A government shutdown would be a disaster for Republicans. And they might not be able to stop it.

It’s hard to overstate how massive a political disaster shutting down the federal government over funding (or lack thereof) for a border wall would be for Republicans.

Consider:

The GOP controls the White House as well as both chambers of Congress. Voters know this.
Large majorities of the public don’t believe building a wall is the solution to the country’s immigration problems — and most never believed President Donald Trump’s much-promised wall would get built in the first place. Six in 10 people in a recent CBS News poll opposed building the wall; 85% said that the US — and not Mexico as Trump has promised — would ultimately pay for it.
Trump’s disapproval rating is hovering right around 60% — at or near record highs for this time in a president’s term.

Add those three factors up — and sprinkle in the historic trends of major losses in the president’s party in his first midterm election — and you have a boiling cauldron of bad for Republicans.

Which is why Senate Majority Leader Mitch McConnell and House Speaker Paul Ryan have gone WAY out of their way in recent days to assure everyone that the government won’t shut down next month when Congress returns to Washington.

“I don’t think a government shutdown is necessary, and I don’t think most people want to see a government shutdown, ourselves included,” Ryan said on Wednesday in Oregon.

And/but: Trump seems to be spoiling for a fight with Republicans in Congress and appears to have settled on playing a game of chicken with Ryan and McConnell on shutting down the government if money for his border wall isn’t provided.

“Believe me, if we have to close down our government, we’re building that wall,” Trump promised a cheering Arizona crowd during a wild campaign rally on Tuesday night.

Then, on Thursday morning, Trump went after McConnell and Ryan via Twitter.

“I requested that Mitch M & Paul R tie the Debt Ceiling legislation into the popular V.A. Bill (which just passed) for easy approval,” he tweeted. “They didn’t do it so now we have a big deal with Dems holding them up (as usual) on Debt Ceiling approval. Could have been so easy-now a mess!”

Then, minutes later, this: “The only problem I have with Mitch McConnell is that, after hearing Repeal & Replace for 7 years, he failed!That should NEVER have happened!”

Those Trump tweets come less than two weeks after he repeatedly attacked McConnell on the failure to pass health care reform and suggested the Kentucky Republican might need to consider stepping down as leader. And, it comes just days removed from a series of stories detailing the fact that the two men haven’t spoken in weeks and have no plans to do so.

A bit more context: Government shutdowns, historically speaking, are almost always a very bad thing for the side that gets the blame.

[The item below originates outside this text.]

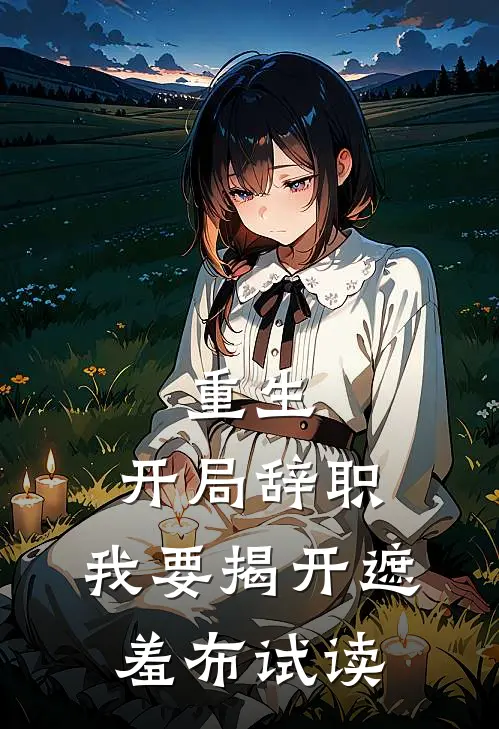 重生：开局辞职，我要揭开遮羞布试读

The shutdowns of late 1995 and early 1996 — which then-Speaker Newt Gingrich forced under the belief it would hurt President Bill Clinton mortally in advance of his re-election bid — turned into an unmitigated disaster for the GOP. The shutdown was the beginning of Clinton’s political comeback, and he coasted to victory in November 1996. Two years later, Gingrich and Republicans suffered major losses in the House — and Gingrich quit.

The 2013 government shutdown — which lasted 16 days and was triggered by Republican Sen. Ted Cruz’s demands over defunding Obamacare — looked to, again, be a huge problem for congressional Republicans. Their poll numbers dipped badly during the closures and the shutdown’s immediate aftermath.

But the mishaps of healthcare.gov — a slow-motion collapse that began in October and continued well into 2014 — turned into a godsend for Republicans. It reminded their voters of who was still in charge in Washington (President Barack Obama, a Democrat) and made the country, largely, forget about how Republican majorities in the House and Senate were responsible for the shutdown.

There’s one crucial difference between 2013 and today, however: Republicans control the executive and legislative branches of government. There is no Obama or Obamacare to scapegoat. There is no botched rollout of a website to villainize. Just Trump, Ryan and McConnell. And no repeal and replace of Obamacare (or much else, legislatively speaking).

And so, we have two totally contradictory lines of thinking: 1) McConnell/Ryan dead set on avoiding a shutdown, knowing the damage it could do to the near-term and long-term political prospects of their party and 2) Trump desperate for a fight to show his outsidery-ness and distance himself from GOP leaders who don’t listen to him.

The problem is obvious. If Trump goes hard on his demand for border wall funding — White House types insist he is very serious about doing so, but he is also incredibly mercurial and changeable — he would likely have the House Freedom Caucus and a decent-sized chunk of conservative senators on his side. Which would mean that Ryan and McConnell would have to pass a government funding bill with lots of Democratic votes. And that Trump could veto whatever they passed and — wait for it — that they almost certainly wouldn’t have the votes to overturn that veto.

If you’re saying to yourself, “Trump would never do that to his own party,” stop and look back at the last two years. And if you are a Republican, get ready — because the next month is going to be a very bumpy ride.